Por uma alternativa de esquerda da classe trabalhadora!

A coligação governamental "semáforo" formada pelo SPD, os Verdes e os Liberais (FDP) caiu um ano antes das eleições federais. As eleições são antecipadas para fevereiro de 2025, num momento de profunda crise económica, de situação crítica do sector industrial alemão, de enorme instabilidade internacional com o regresso de Trump à Casa Branca e de extrema polarização social com a ascensão sem precedentes da extrema-direita AfD.

Por detrás deste colapso estão os interesses de diferentes sectores da burguesia alemã que, desde o início da guerra na Ucrânia, têm vindo a debater uma estratégia que lhes permita enfrentar o conflito imperialista entre os EUA, por um lado, e a China e a Rússia, por outro, e responder à profunda crise que o capitalismo alemão atravessa.

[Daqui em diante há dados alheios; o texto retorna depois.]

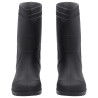 Botas de agua negro número 43 PVC 3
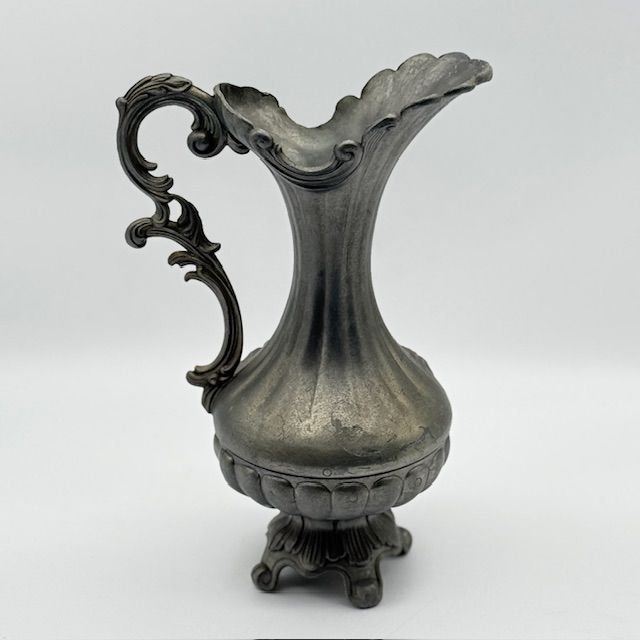 Кувшин ваза 32 см олово Италия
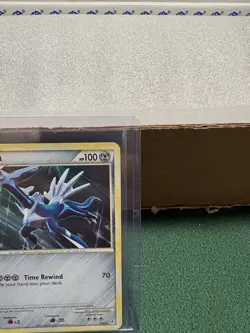 Pokemon TCG: Dialga Holo Rare, Call of Legends #3/95, LP - Image 3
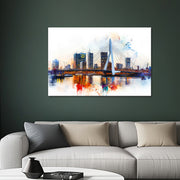 Rotterdam Gemälde III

Nas eleições da Saxónia e da Turíngia, a CDU e a AfD obtiveram 62,5% dos votos, enquanto os partidos do governo conseguiram apenas 13,3%. A estes resultados desastrosos, a que se somaram os das eleições no estado de Brandemburgo, uma parte decisiva do capital alemão chegou à conclusão de que a coligação semáforo estava morta e tinha de ser substituída o mais rapidamente possível.

O FDP, ligado ao capital financeiro alemão, apresentou um programa de propostas para fazer face à crise, provocando deliberadamente tensões no seio da coligação e colocando o SPD na corda bamba. No final, como tínhamos assinalado nas nossas declarações, a única saída era antecipar as eleições.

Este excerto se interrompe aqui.